Recorded information:
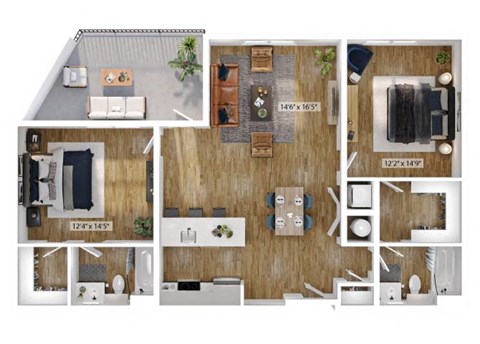 2 Bed 2 Bath Floor Plan | 1,377 Sq. Ft. at Boardwalk at Research Park in Huntsville, AL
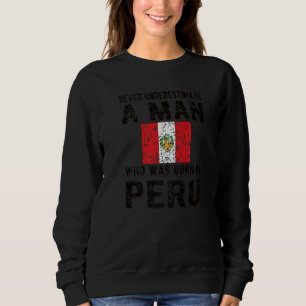Mens Born In Peru Peruvian Flag Peruvian Roots Sweatshirt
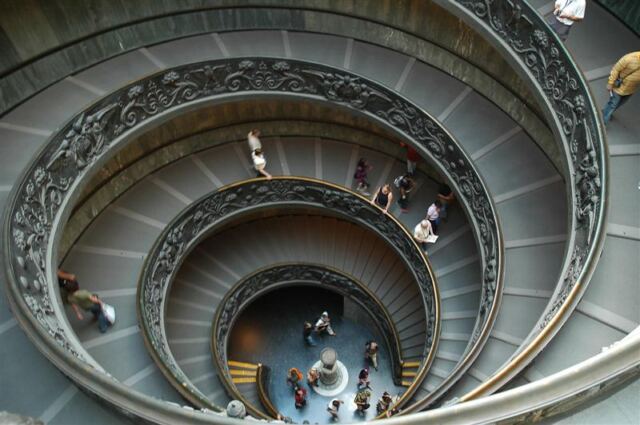 Circular staircase at Vatican Museum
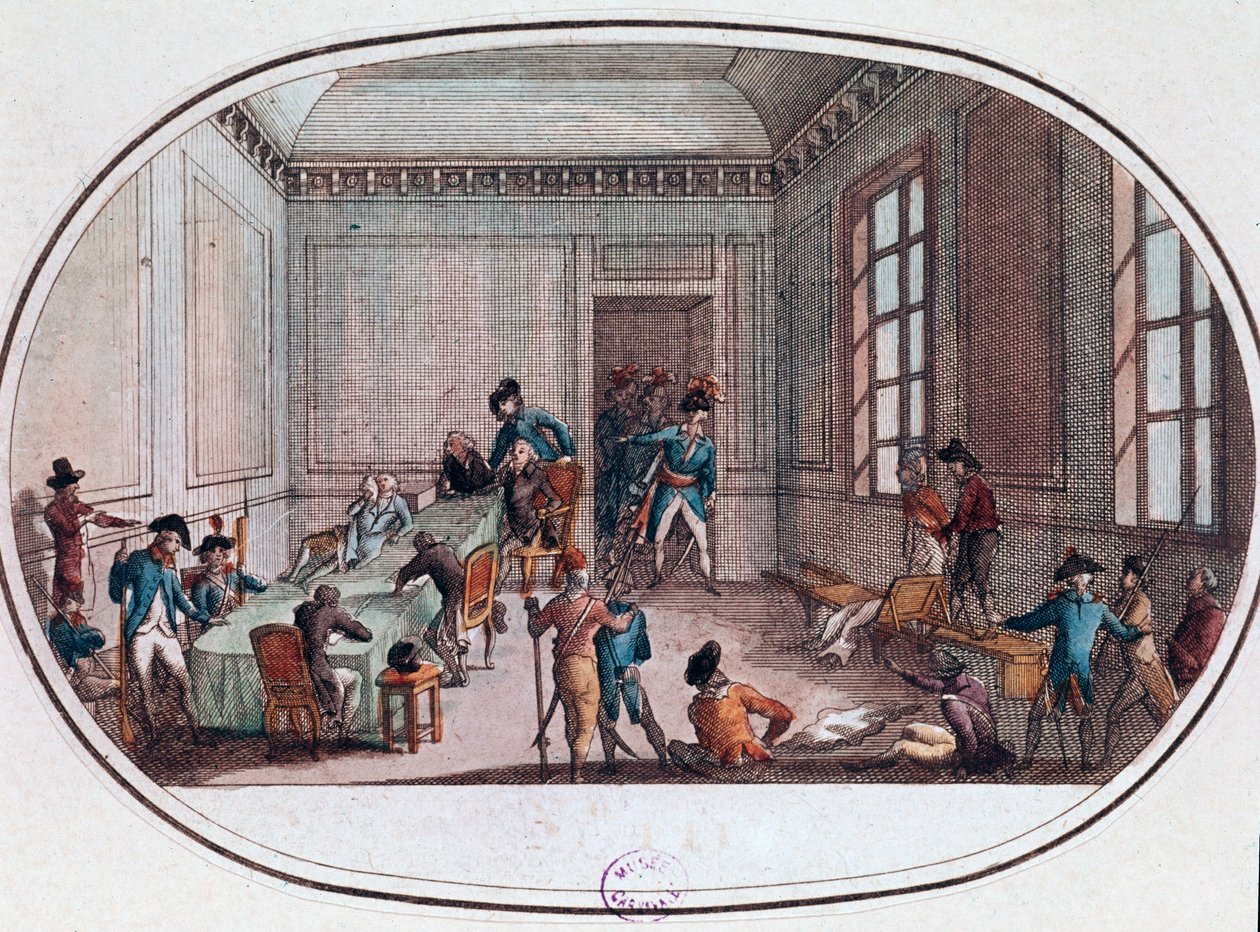 Maximilien de Robespierre ferido na antecâmara do Comite de Salut Public de French School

Task to carry out: The expected output is the full material above, unaltered, with pictures removed.

Reply:
 2 Bed 2 Bath Floor Plan | 1,377 Sq. Ft. at Boardwalk at Research Park in Huntsville, AL
Mens Born In Peru Peruvian Flag Peruvian Roots Sweatshirt
 Circular staircase at Vatican Museum
 Maximilien de Robespierre ferido na antecâmara do Comite de Salut Public de French School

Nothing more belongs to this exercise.